[EXERCISE]:
Nothing but an exact copy is asked for: the lines in the material below from the one with "Top 16 Best" through the one with "Cantonal Touwhaken inclusief", pictures excluded.

[EXTRACTED INFORMATION]:
==================================================

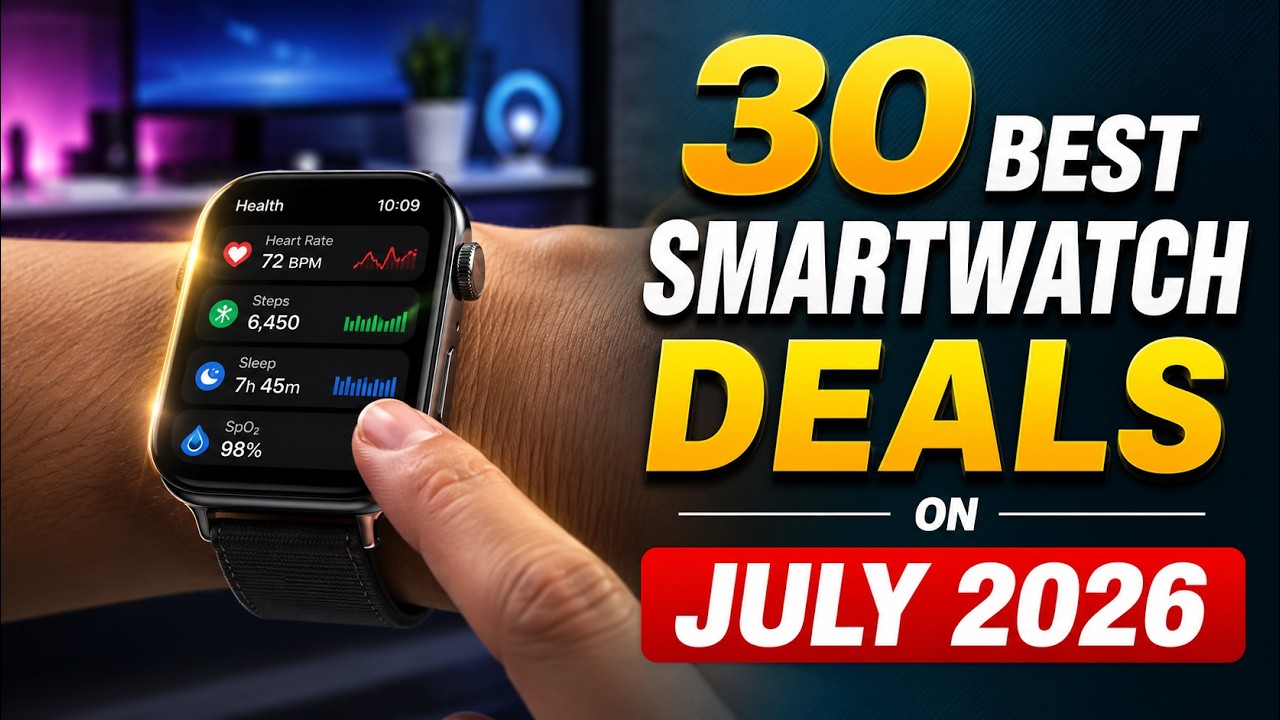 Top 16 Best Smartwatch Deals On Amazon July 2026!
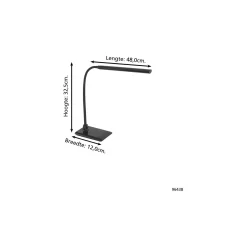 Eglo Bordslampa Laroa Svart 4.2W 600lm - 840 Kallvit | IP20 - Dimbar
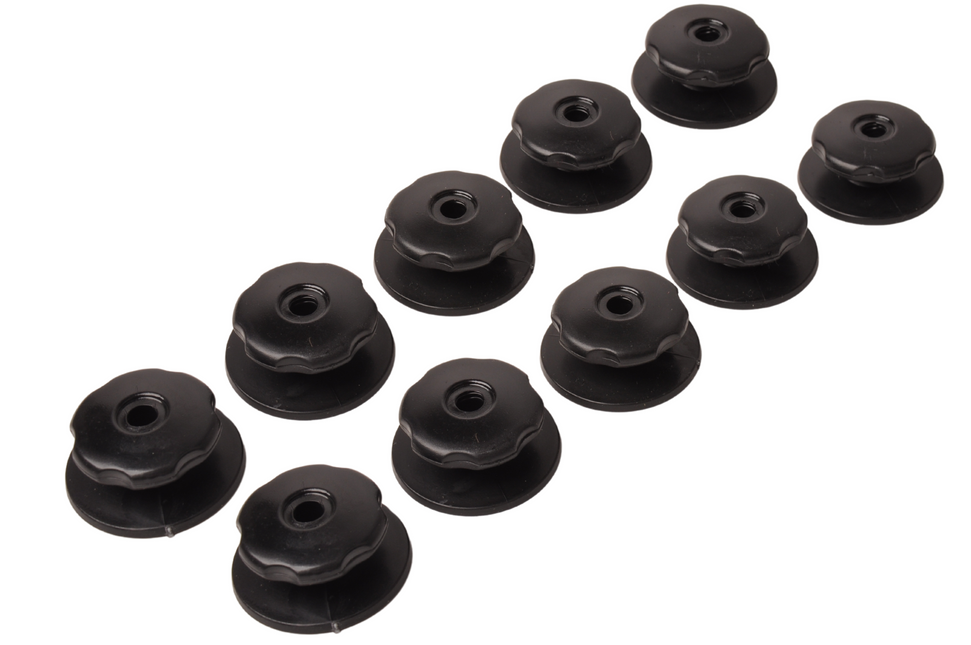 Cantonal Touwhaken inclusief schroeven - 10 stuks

==================================================

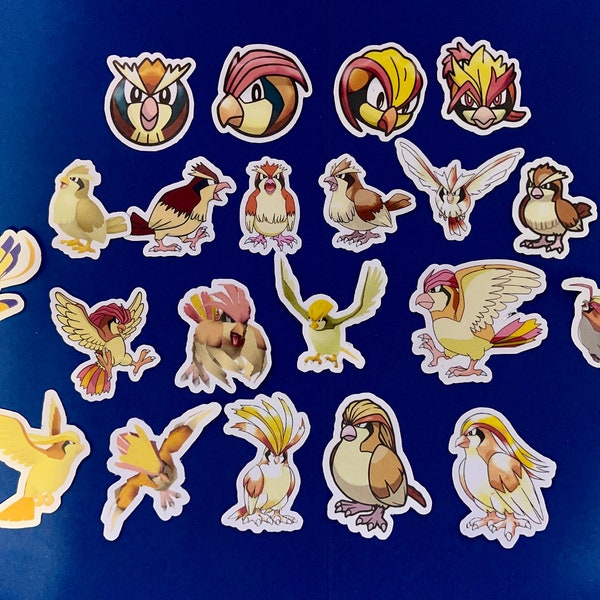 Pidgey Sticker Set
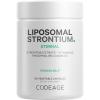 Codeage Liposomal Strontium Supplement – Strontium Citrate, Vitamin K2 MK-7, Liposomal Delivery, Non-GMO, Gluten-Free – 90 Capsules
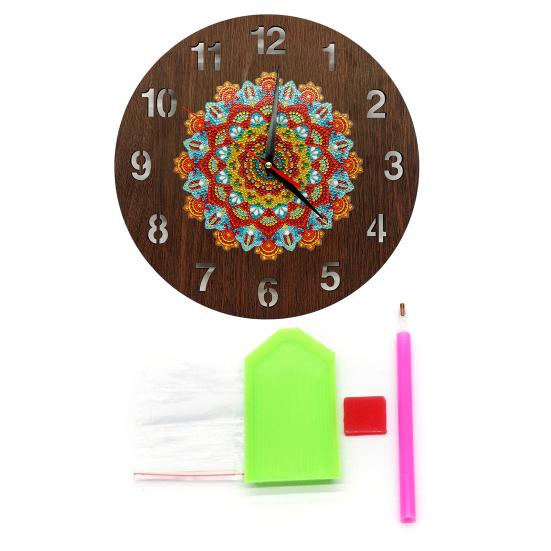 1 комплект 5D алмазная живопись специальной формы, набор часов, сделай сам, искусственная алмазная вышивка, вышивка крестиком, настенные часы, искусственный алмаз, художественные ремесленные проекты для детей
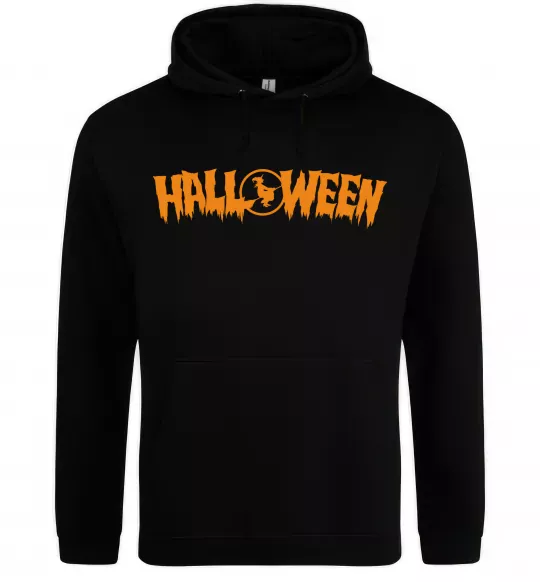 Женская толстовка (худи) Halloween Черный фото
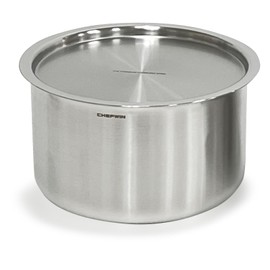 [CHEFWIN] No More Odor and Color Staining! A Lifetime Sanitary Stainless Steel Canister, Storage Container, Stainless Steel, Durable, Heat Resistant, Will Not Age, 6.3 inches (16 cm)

==================================================

[ANSWER SPACE]:
 Top 16 Best Smartwatch Deals On Amazon July 2026!
 Eglo Bordslampa Laroa Svart 4.2W 600lm - 840 Kallvit | IP20 - Dimbar
 Cantonal Touwhaken inclusief schroeven - 10 stuks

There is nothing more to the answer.